Yediğimiz balıkların hepsi güvenilir mi?
7 Kasım 2019Greenpeace Akdeniz'in, Ege, Marmara Denizi ve Akdeniz’den topladığı balık örneklerinde mikro plastik tespit etmesi, "denizden babam çıksa yerim” diyenlerin bir kez daha düşünmesini gerektiriyor. Greenpeace Akdeniz'in araştırmasına göre Türkiye'nin denizlerinden çıkan tekir, istavrit, barbun mırmır ve kefal türü balıkların yüzde 44,3'ünde mikro plastik tespit edildi. Aynı araştırmaya göre midyede yüzde 91,2; kırmızı karideste yüzde 18,8 oranında mikro plastiğe rastlandı.
Mikro plastikler günlük hayatta kullandığımız plastiklerin ufalanarak daha küçük hale gelmesiyle oluşuyor. Beş milimetreden daha küçük plastiklere mikro plastik deniliyor.
DW Türkçe’ye konuşan Greenpeace Akdeniz Plastik Proje Sorumlusu Nihan Temiz Ataş, araştırmanın, plastik kirliliğinin denizin dibine doğru ilerlediğini gösterdiğini vurguluyor. Mikro plastiklerin sindirim sistemine karışabildiğine dikkat çeken Ataş, bunun da insan sağlığı için büyük bir risk olduğunu söylüyor.
Denizlerdeki ağır metal kirliliği
Halk Sağlığı Uzmanı Prof. Dr. Onur Hamzaoğlu ise denizlerdeki ağır metal kirliliğine dikkat çekiyor. Buna göre maden işletmeleri ve sanayinin yarattığı emisyonlar, yeterince geri dönüşüme tabi tutulmadığı için akarsular ve denizlerde birikiyor.

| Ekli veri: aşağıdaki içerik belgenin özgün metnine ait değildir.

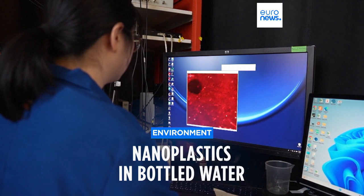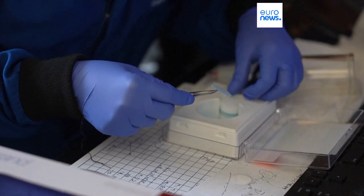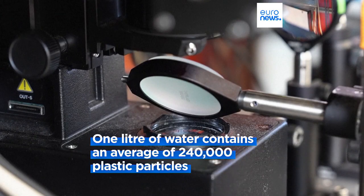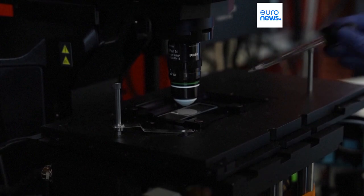The average liter of bottled water has nearly a quarter million invisible pieces of ever-so-tiny nanoplastics, detected and categorized for the first time by a microscope using dual lasers. Researchers at Columbia and Rutgers University discovered about 10 to 100 times more nanoplastics than microplastics in bottled water.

Kocaeli Üniversitesi’nde yapılan araştırmalarda İzmit Körfezi’nde yüksek oranda ağır metale rastlandı. Ağır metallerin insan sağlığına ise ciddi etkileri bulunuyor. Hamzaoğlu, “Sinir sisteminden, mide bağırsak sistemine kadar, üreme sisteminden, solunum sistemine kadar ciltte dahil olmak üzere pek çok alanda sağlık etkileri var” diyor.
Azalan balık sayısı
Öte yandan çevresel etkiler ve bilinçsiz avlanma nedeniyle denizlerdeki balık varlığı da azalıyor. Yıllık balık tüketimi 400 bin tonun üzerinde olan Türkiye’de 2017’de 630 bin ton balık avlandı. Önemli bir balık ihracatçısı da olan Türkiye, iç tüketimi karşılamak için ise balık ithal ediyor. Balık ithalatı son beş yılda yüzde 45 arttı.
Türk Deniz Araştırmaları Vakfı Başkanı Prof. Dr. Bayram Öztürk, Türkiye’de balığın pahalı olduğunu, bu nedenle Senegal, Moritanya gibi Afrika ülkelerinden balık getirildiğini anlatıyor. Bu balıkları hijyenik bulmayan Öztürk, “İthal balıklar çok iyi analiz edilmeli” diyor. Öztürk, kirlenmeyi ve aşırı balıkçılığı azaltarak doğal stoklarını güçlendirmesi gerektiğini vurguluyor.
Türkiye’de verimli av yapılmaması nedeniyle balık fiyatları da artıyor. Geçen yıl 5 lira olan hamsinin kilosu 25 liraya kadar çıktı.